My boyfriend (30m) and I (26f) were having a conversation last night about what husband and wife duties are and what we expect out of each other. We’ve been together for 3 years and have had the conversation of marriage. We want to be together and he works diligently daily trying to set us up for the next steps.

we are in a very traditional relationship and I want to end up being a stay at home mom and taking care of the house

I asked him last night if he could explain to me what he thought husbandly duties were. He said providing, security, and keeping me safe. I explained to him what I thought wife duties were. I told him cooking, cleaning, laundry, supporting his decisions, and satisfying his needs.

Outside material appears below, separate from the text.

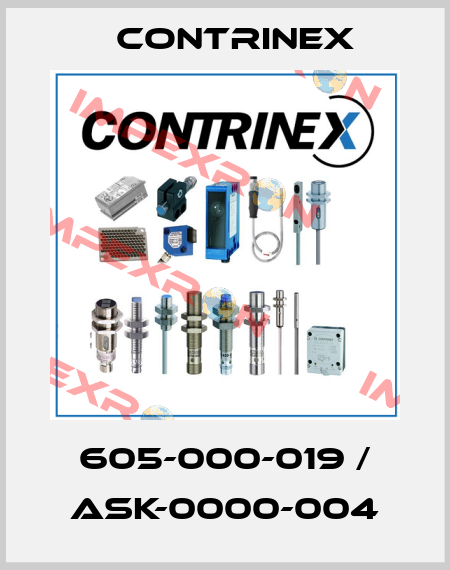 605-000-019 / ASK-0000-004 Contrinex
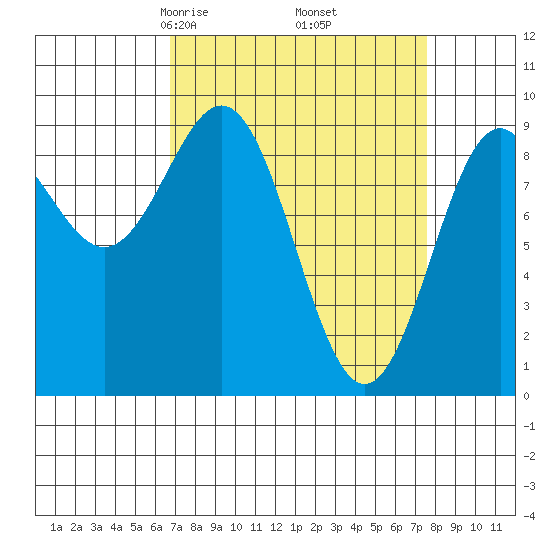 Falcon Arm tide chart for Sunday, March 27, 2022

My mom had made a comment to me the other day about how I’m constantly doing wifely duties but he still hasn’t proposed. I explained to her that he is trying to secure us a loan for a house so he can propose. He has told me the house is part of the proposal. This is something he always wanted before proposing. I trust him and his process but my mom keeps saying he needs to put a ring on it.

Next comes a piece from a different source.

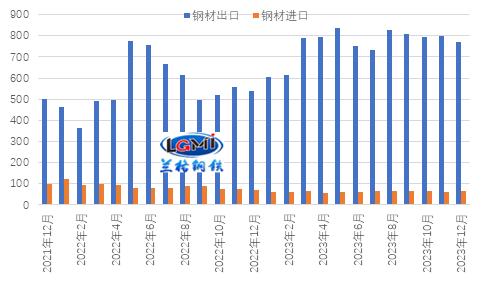 兰格研究：2024年我国钢材出口形势如何？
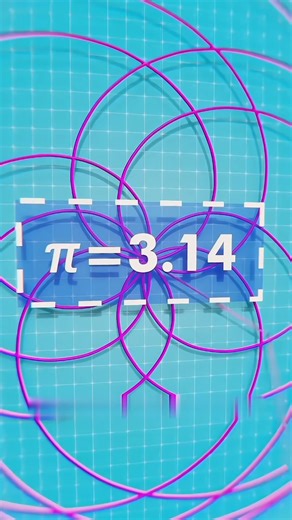 Visualizing Pi With Spinning Lines! #shorts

He then asked me did I feel like I was not fulfilling husband duties. I explained to him that I am doing everything a wife would be doing but he isn’t doing everything a husband would be doing. I cook for him, I do his laundry, i support every decision he makes, I make sure my apartment is clean and comfortable for the both of us. (He still lives at home and doesn’t pay rent). I then explained to him that he doesn’t provide, there isn’t security and he can’t keep me safe because we don’t live together yet. I pay all of my bills, rent, car payment, gas etc. I have never had a problem with where we are and I still don’t. I enjoy doing every wifely duty for him because I love him and I want to spend my life with him. i also do these things because I see all of his efforts and I appreciate everything he does do for me. I also told him that we aren’t in the position for him to fulfill his husband duties yet. Yes I’m doing wifely duties but that’s because I want to.

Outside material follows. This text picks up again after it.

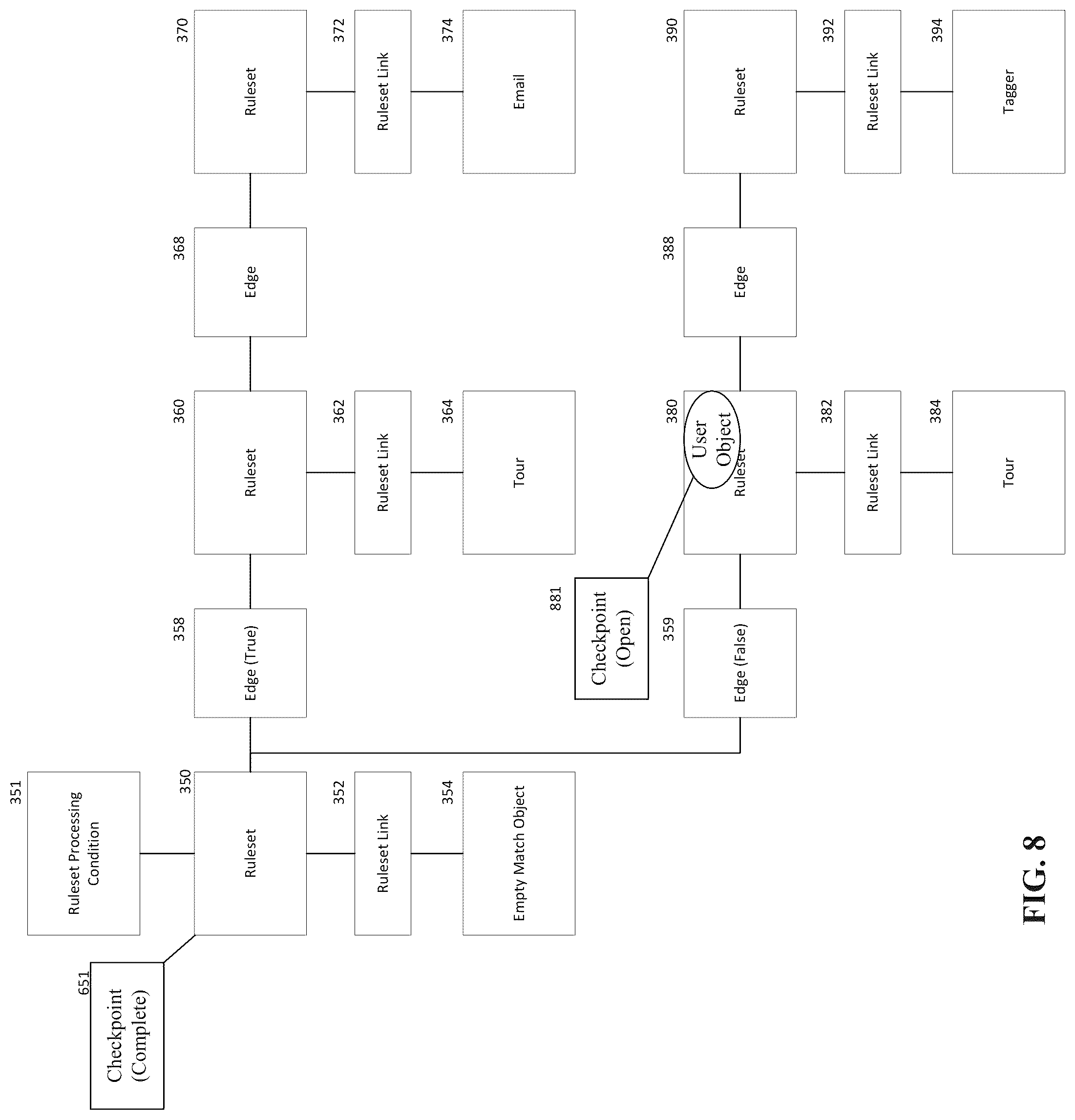 Patent US12108487 Figure 9 – Matching pipeline for a communication system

I definitely hurt his feelings and made him feel like he isn’t doing enough but he truly cannot do anything more than what he is already doing. He cannot provide a place for us both to live because he is saving his money for a down payment on a house. It does not make sense for us to move in together and he pay half when he can take that money and save it especially since I have a roommate. He can’t provide 100% security because once again, we don’t have a place together. His husband duties right now are to set us up for life to get to a point where I don’t have to work and I can do exactly what I want- raise and love our babies and take care of a home.

He’s definitely been distant today in our communications and it’s my fault. I don’t know what to say to him to make him feel better. I didn’t mean to hurt his feelings. What do I do?

TL;DR – I hurt my boyfriend’s feelings and made him feel like he isn’t doing enough. He said I made him feel like I don’t believe in him. He’s been distant in our communications today and I don’t know what to say to him to mend this. What do I do?